The spending figure is large enough to show how quickly surveillance has become a line item rather than an emergency measure. The report singles out Nigeria as the biggest buyer, saying it invested $470m in 10,000 “smart cameras”, while Egypt has installed 6,000 and Algeria and Uganda about 5,000 each. Researchers say governments market the systems as “smart city” infrastructure and crime-reduction tools for fast-growing urban areas.
The report’s central claim is not that surveillance exists, but that it is being deployed with weak constraints on what data is collected, how long it is stored, and who can access it. Wairagala Wakabi of Uganda-based policy group Cipesa argues the systems are not “legal, necessary or proportionate” to the stated security aims, and says the effect is to chill movement and expression as people assume they may be identified and catalogued in public space.
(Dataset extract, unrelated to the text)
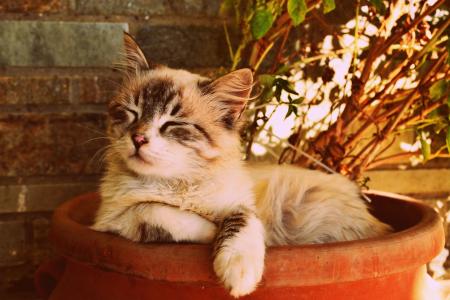 在花盆里睡着了的小猫, 美丽猫睡着了, 宠物的肖像, 可爱, 毛茸茸, 甜, 可爱的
The Guardian notes allegations that surveillance systems were used during Kenya’s gen Z-led protests and that activists in Uganda have raised concerns about facial recognition being used to monitor opponents.
The second-order effect is that the technology changes the price of political control. A government that previously needed large numbers of informants, police time and manual paperwork can shift to automated identification, searchable databases and replayable footage. That lowers operational costs and raises the odds that protest organisers, journalists and dissidents can be mapped through their networks rather than through a single arrest.
The report also warns that “regulation” can become a stamp of legitimacy rather than a constraint. Georgetown University assistant professor Bulelani Jili argues that surveillance of online activity has often been legalised through laws that criminalise ordinary posts, and that adding legal frameworks can simply give governments a compliance narrative while the systems become embedded in policing and intelligence practice.
For vendors, the commercial logic is familiar: sell a scalable platform, add ongoing maintenance, training and upgrades, and make switching expensive once cameras, databases and identity systems are integrated into daily operations. For governments, the procurement pitch is equally standard: modernisation, crime prevention and national security, with the political upside of better control and the fiscal upside of automating what used to be labour-intensive.
The report’s numbers are specific, but the broader pattern is portable. Once facial recognition and biometric databases become routine in one jurisdiction, they are packaged as “best practice” elsewhere—especially when public procurement rewards systems that promise fewer headlines and faster identification. The technology may be sold as infrastructure, but its value is measured in how cheaply a state can find people.
Nigeria’s 10,000-camera project is presented as a security upgrade. The report’s authors describe it as a reminder that the same camera that spots a stolen car can also compile a list of faces at a protest.